Entre os assuntos centrais do dia, um tema recorrente voltou ao debate público: o impacto do dólar no cotidiano dos brasileiros. A clássica frase “eu não como dólar” ganhou novos contornos após um estudo da FGV revelar, com dados consistentes, a dimensão da exposição cambial das famílias em todas as faixas de renda. Com 10% do PIB brasileiro dependente diretamente de importações, a variação do câmbio se infiltra silenciosamente em nossa cesta de consumo. A pesquisa demonstra, inclusive, qual proporção ideal de dolarização cada grupo deveria ter em seus investimentos — uma evidência concreta de que diversificação internacional não é luxo, mas uma ferramenta de preservação real do poder de compra. A reflexão levantada por Bruno Paolinelli, autor da newsletter, sintetiza o argumento: se o seu consumo já está exposto ao dólar, por que seus investimentos ainda não estão?

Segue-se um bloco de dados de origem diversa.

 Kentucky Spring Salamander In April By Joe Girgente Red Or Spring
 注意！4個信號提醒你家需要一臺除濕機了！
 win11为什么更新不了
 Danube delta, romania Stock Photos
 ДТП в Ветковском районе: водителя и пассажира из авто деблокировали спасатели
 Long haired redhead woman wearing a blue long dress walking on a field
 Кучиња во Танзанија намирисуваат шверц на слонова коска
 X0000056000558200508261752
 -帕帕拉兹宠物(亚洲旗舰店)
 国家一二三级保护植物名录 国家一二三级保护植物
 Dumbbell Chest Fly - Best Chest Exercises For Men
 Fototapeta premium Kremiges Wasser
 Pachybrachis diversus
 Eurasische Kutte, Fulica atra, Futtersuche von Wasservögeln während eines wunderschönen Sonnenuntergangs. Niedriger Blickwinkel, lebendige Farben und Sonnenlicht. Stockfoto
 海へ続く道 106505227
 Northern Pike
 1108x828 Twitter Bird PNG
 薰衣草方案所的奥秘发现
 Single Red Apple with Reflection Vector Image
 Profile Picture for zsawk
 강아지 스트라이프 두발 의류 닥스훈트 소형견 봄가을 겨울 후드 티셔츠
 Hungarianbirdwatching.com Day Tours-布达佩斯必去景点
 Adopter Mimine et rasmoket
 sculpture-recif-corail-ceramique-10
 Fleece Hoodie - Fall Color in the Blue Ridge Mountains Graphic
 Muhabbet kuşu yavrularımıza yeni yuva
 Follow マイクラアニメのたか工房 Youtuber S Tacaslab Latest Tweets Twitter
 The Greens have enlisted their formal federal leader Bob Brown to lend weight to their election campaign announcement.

No noticiário corporativo, o movimento mais relevante veio do setor financeiro. O Itaú assumiu o controle da Avenue após adquirir uma fatia adicional de 17% da corretora, atingindo 50,1% de participação e consolidando sua estratégia de expansão internacional em investimentos para pessoa física. O mercado também observou outras transações expressivas: a Sonae vendeu sua participação de 26% no shopping Parque Dom Pedro por R$ 625 milhões, enquanto a UnitedHealth encerrou sua presença na América Latina com a venda da Banmédica ao grupo Pátria por US$ 1 bilhão.
No cenário doméstico, a crise empresarial segue deixando marcas profundas. A AMMO, dona da mmartan, entrou com pedido para aprovação de um plano de recuperação judicial, acumulando R$ 393 milhões em passivos. A empresa colocou a própria marca como garantia em uma tentativa de reorganização. No agro, a situação é ainda mais crítica: o número de recuperações judiciais no setor atingiu um novo recorde, refletindo margens comprimidas, juros altos e escassez de crédito — uma combinação que deve resultar em um volume de fusões e aquisições apenas estável em 2025, ao contrário do crescimento esperado em anos anteriores.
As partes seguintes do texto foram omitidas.